After being separated from Max Penalva for nearly three years, Garcia decided to come to Minneapolis to live, arriving in October, so he could reunited with his friend and they could start up their act again.

In talking to Max Penalva and Garcia, you can tell they've been friends for a long time in the way they laugh at the same things.

Watching them juggle, it's apparent they have fun performing together, as they smile while trying different tricks. Shayne said after being separated for so long, her husband and their friend have been relishing time to perform together.

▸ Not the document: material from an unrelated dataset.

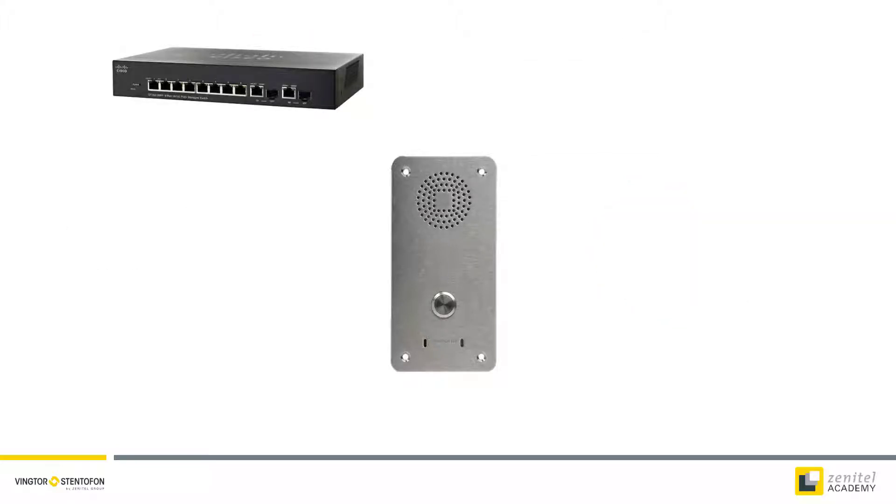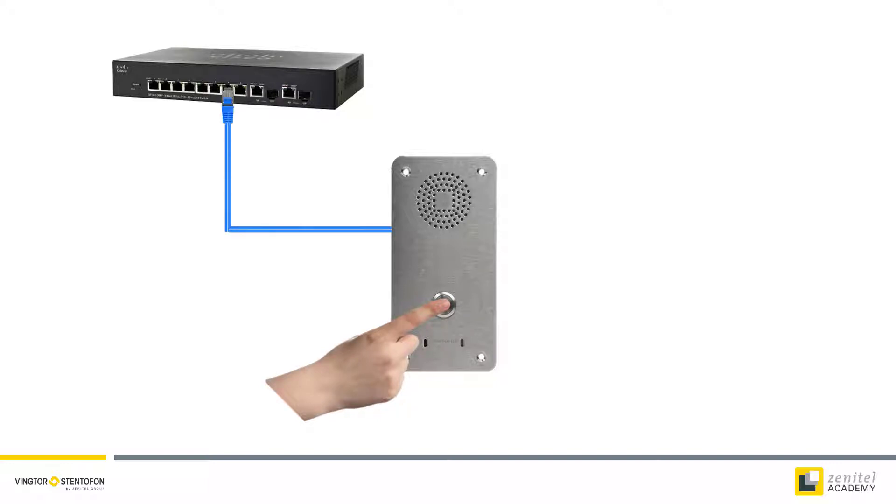Start by pressing the call button and keep it pressed while inserting the network cable into a PoE port on the switch, thus powering the station.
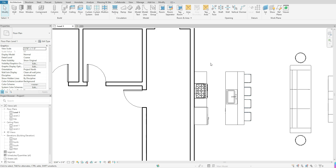Hello guys, welcome back. In today's tutorial, we are going to go over how you guys go about using your filled region and your masking region. You guys can use this in any view — it can be a plan view, any detail views throughout your project, section views, elevation views, it really doesn't matter. With these components, the sky is the limit in the sense that you guys can add it to any view that you guys have.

Starting up in a new place Yes, Garcia and Max Penalva say, Minnesota is cold and totally different from their previous homes, but they like living here. "It's cold, but interesting," Garcia said. "I want to explore."

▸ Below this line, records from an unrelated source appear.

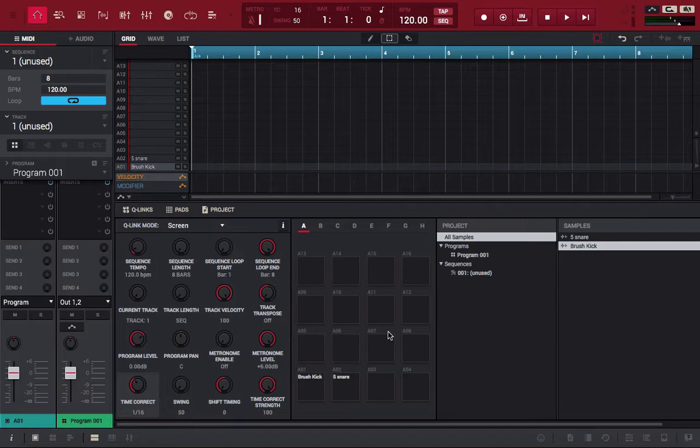So what I'm going to do is program a quick drum loop, export it in audio and export it in MIDI, and show you how it works. Just to let you know, the controller's not hooked up right now, we're doing all this on the computer. All right, buckle up, let's go.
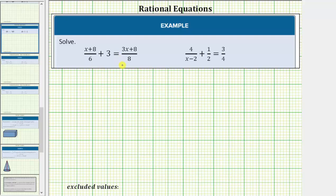Now we'll look at two examples of solving rational equations. A common method for solving rational equations is to clear the fractions from the equation by multiplying both sides of the equation by a common denominator and then solve the resulting equation.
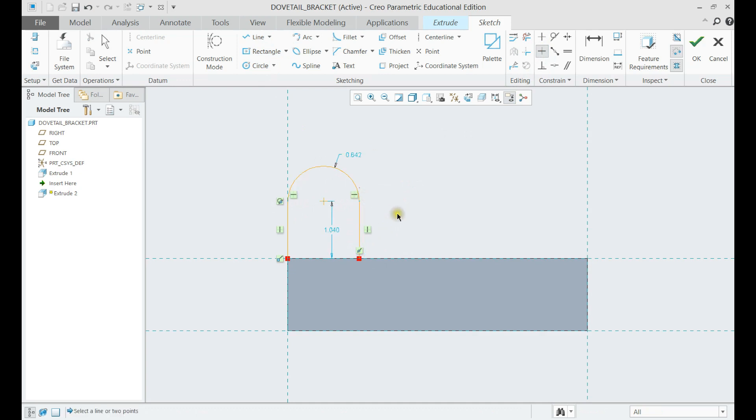Now we need to use tangent constraints from the menu to make it fully constrained.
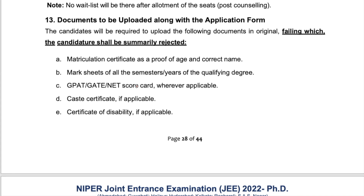One more important eligibility requirement: despite having MSc in organic chemistry, you must also have qualified one of these exams — GPAT for pharmaceutical people, or for chemistry students, GATE or NET. Only if you've qualified any of these exams can you apply for NIPER-JEE, along with having the required masters degree.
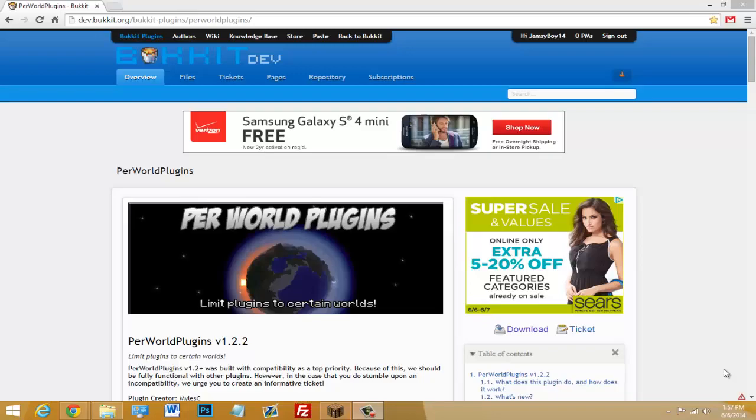Yo, what's going on guys? Today I'm going to be doing a tutorial on a plugin called Per World Plugins.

Max Penalva called the snow "romantic," as his wife chuckled skeptically.

Max Penalva said performing here presents new challenges. He said he's needed permission to perform at places such as the State Fair.

Shayne Penalva said street performers are subject to panhandling laws if they put out a hat to ask for money from their audience. She said he was kicked out of the Uptown Art Fair one year for doing just that.

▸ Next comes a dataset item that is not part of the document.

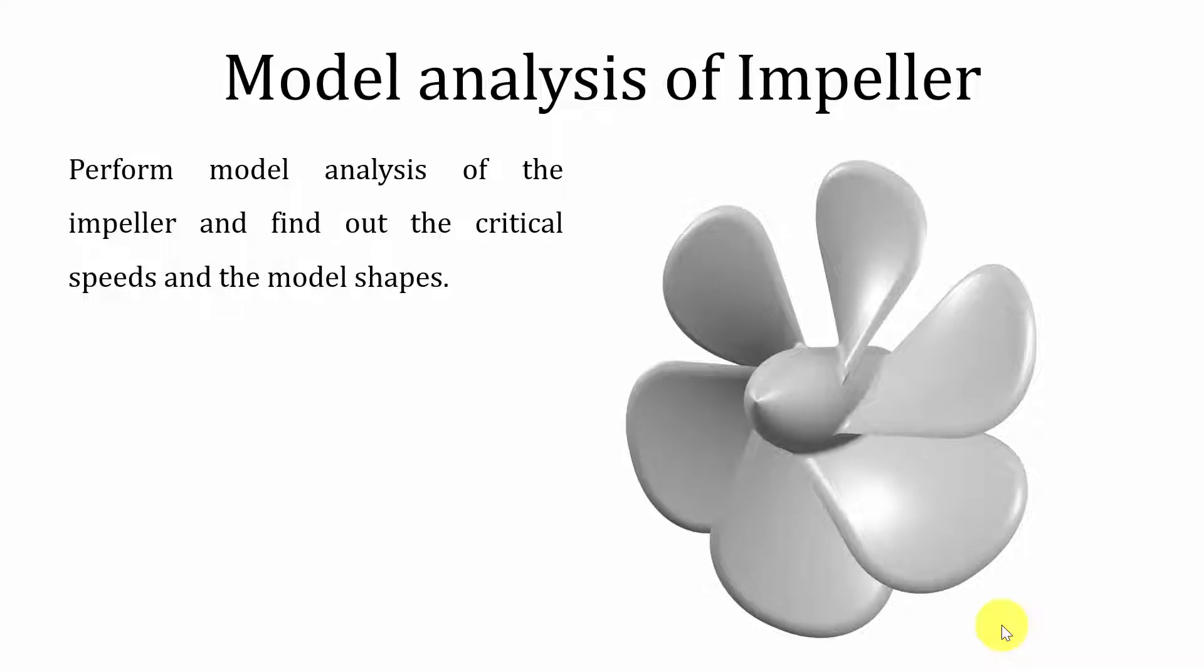Hello all, welcome to the ANSYS tutorials. In this video I'm going to show you how to perform modal analysis of an impeller, and we're going to find out the critical speeds and the mode shapes.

But bureaucracy aside, Max Penalva said he has enjoyed Minnesota crowds. He said his performance last spring at the Stone Arch Festival was a great success. "The people are very hyper here," he said of the crowd. "They want more."

Max Penalva said the duo's goal is to be able to make a living performing in the United States. "I want to work at Lollapalooza and see Jane's Addiction," he said.

But until they're able to successfully launch their U.S. performing career, both men work at Marshall Field's Marketplace, 11th Street and Nicollet Mall, when they're not training.

The jugglers practiced in their front yard when the weather was still accommodating, but since it has grown colder, they lacks a practice space. They said it's been tough to find a training space that allows the allowing controlled use of fire.